Letter by Hugh K. Wilson

Transportation – January 1998 – Colorado Central Magazine

Colorado got taken in dealing with UP

Editors:

Contrary to the article by John C. Dill, the state’s Director of Economic Development, in the Nov. 30 Denver Post, Colorado got almost nothing in terms of concessions from the Union Pacific from its merger with the Southern Pacific. In fact, Colorado is the only state that will lose a substantial portion of its rail lines to abandonment as a result of the UP-SP combination.

The 1,800 jobs that the Union Pacific committed to preserve would exist regardless of the agreement with the state. Most of these positions are train-operating personnel that are needed to run the remaining trains that operate on UP lines within Colorado. In reality, Colorado lost large number of jobs that were transferred to Omaha, Neb., the Union Pacific’s headquarters.

As for preserving competition, the state did nothing. Colorado could have filed against the UP/SP merger with the federal Surface Transportation Board, insisting on the preservation of rail competition in the Central Corridor.

In fact, the Montana Rail Link offered to buy the old Missouri Pacific rail line from Kansas City to Pueblo and the former Rio Grande System from Denver and Pueblo west to Salt Lake. From Salt Lake they sought trackage rights to the West Coast and to southern Montana to connect with their existing system.

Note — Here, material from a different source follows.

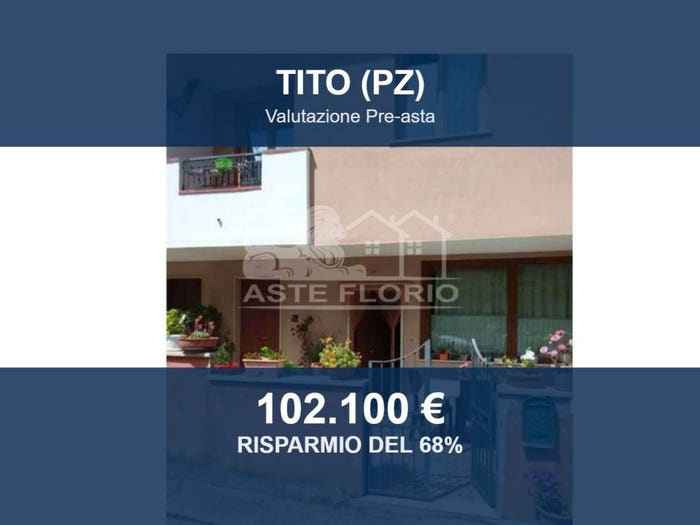 Casa con 6 locali in vendita in Via S Vito, Centro, Tito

If the Montana Rail Link proposal had been approved, it would have provided Colorado and the Central corridor with a viable competitor to the Union Pacific. Instead the state endorsed the merger, 350 miles of track will be lost to abandonment, and Colorado consumers will pay higher prices for goods due to the lack of rail competition.

The state agreement did not delay the abandonment of any of the rail lines. The Union Pacific could not have abandoned the Tennessee Pass line any sooner than it did as it was not able to shift train operations to southern Wyoming until late in 1997. The agreement with the State delayed nothing.

Further, by allowing the Union Pacific to determine whom a qualified buyer may be for the 350 miles of track slated for abandonment represents an absolute conflict of interest. The UP will not select any company that may attempt to piece together a rail network that would provide the Union Pacific with any type of competition in the Central Corridor.

While the preservation of abandon railed corridors is important, very few have ever been restored to operating rail lines. That is why it is essential that the threatened 350 miles of track be preserved as an operating rail line, not just as right-of-way.

What Colorado should demand from the Union Pacific is a donation to the state of the right-of-way, track, and structures of all 350 miles of railroad that are slated for abandonment. Then the state could lease these lines to private shoreline rail operators.

Nearby states such as Kansas, Oklahoma, and South Dakota own thousands of miles of rail lines that were once slated for abandonment. These states lease their lines to private short-line operators who provide rail transportation to communities that otherwise would have lost all service.

They also provide competition to the larger railroads. Requiring the UP to donate these lines intact (keeping the rails in place) would be a small price for the Union Pacific to pay for its near monopoly on rail traffic in Colorado. It would also be the first true concession to the state for its approval of the UP-SP merger. Otherwise Colorado’s agreement with the UP is essentially worthless.